>>

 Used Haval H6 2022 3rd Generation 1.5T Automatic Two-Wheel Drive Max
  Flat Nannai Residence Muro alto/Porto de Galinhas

<<
>>

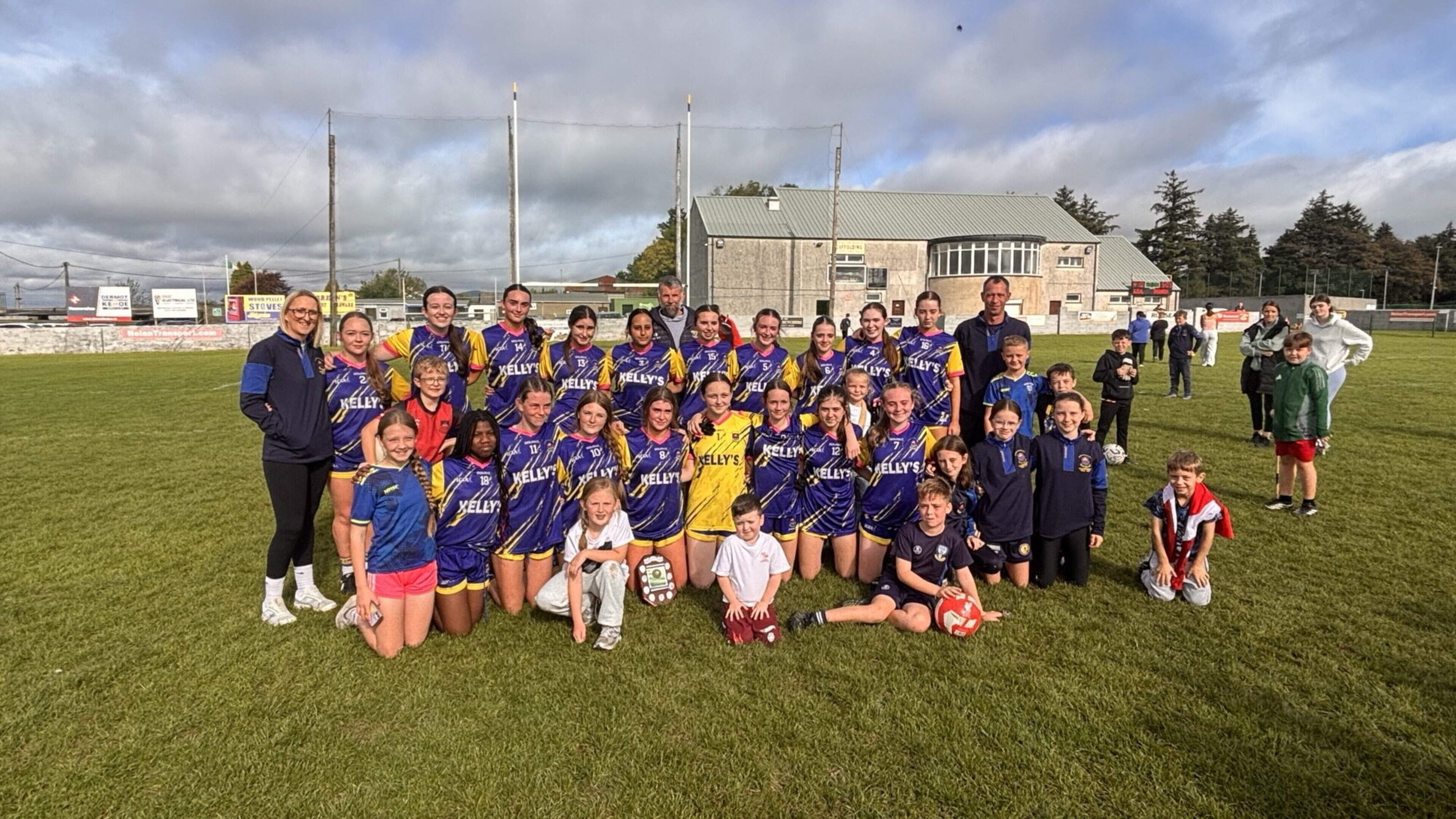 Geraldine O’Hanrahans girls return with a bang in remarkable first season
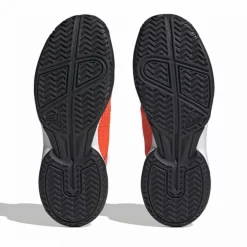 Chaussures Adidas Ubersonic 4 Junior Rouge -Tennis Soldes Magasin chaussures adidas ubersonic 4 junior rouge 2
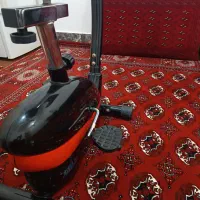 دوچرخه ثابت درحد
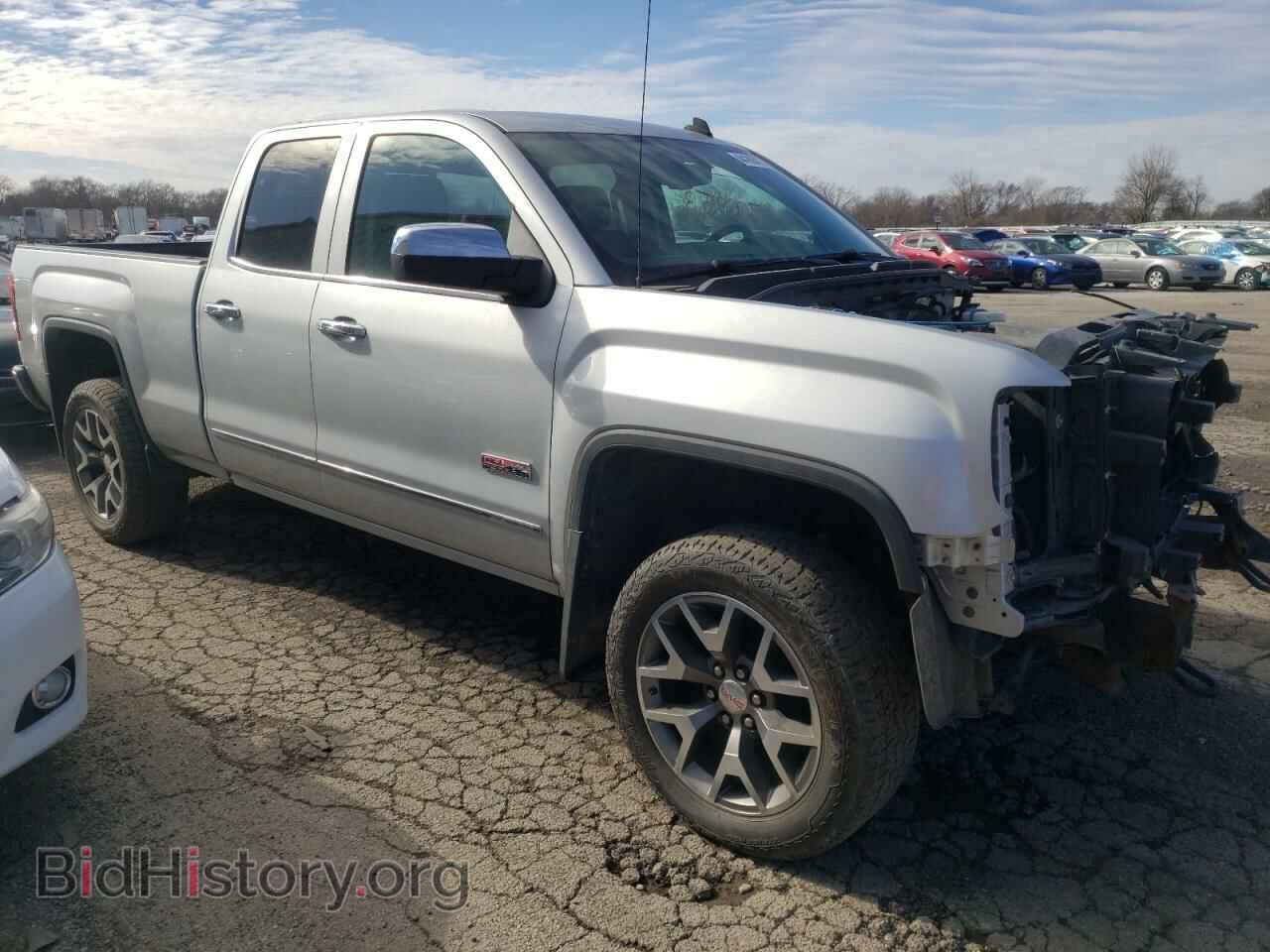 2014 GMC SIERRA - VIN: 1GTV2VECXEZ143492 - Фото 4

<<
>>

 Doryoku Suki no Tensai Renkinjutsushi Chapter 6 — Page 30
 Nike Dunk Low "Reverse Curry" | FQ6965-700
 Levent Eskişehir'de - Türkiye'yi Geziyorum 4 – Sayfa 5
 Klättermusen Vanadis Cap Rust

<<

▶ **Exercise instructions**
From the listing above, the lines starting with the one that has "Doryoku Suki no" and running through the one that has "Klättermusen Vanadis Cap Rust" should be copied exactly, ends included.

▶ **Response to this task**
 Doryoku Suki no Tensai Renkinjutsushi Chapter 6 — Page 30
 Nike Dunk Low "Reverse Curry" | FQ6965-700
 Levent Eskişehir'de - Türkiye'yi Geziyorum 4 – Sayfa 5
 Klättermusen Vanadis Cap Rust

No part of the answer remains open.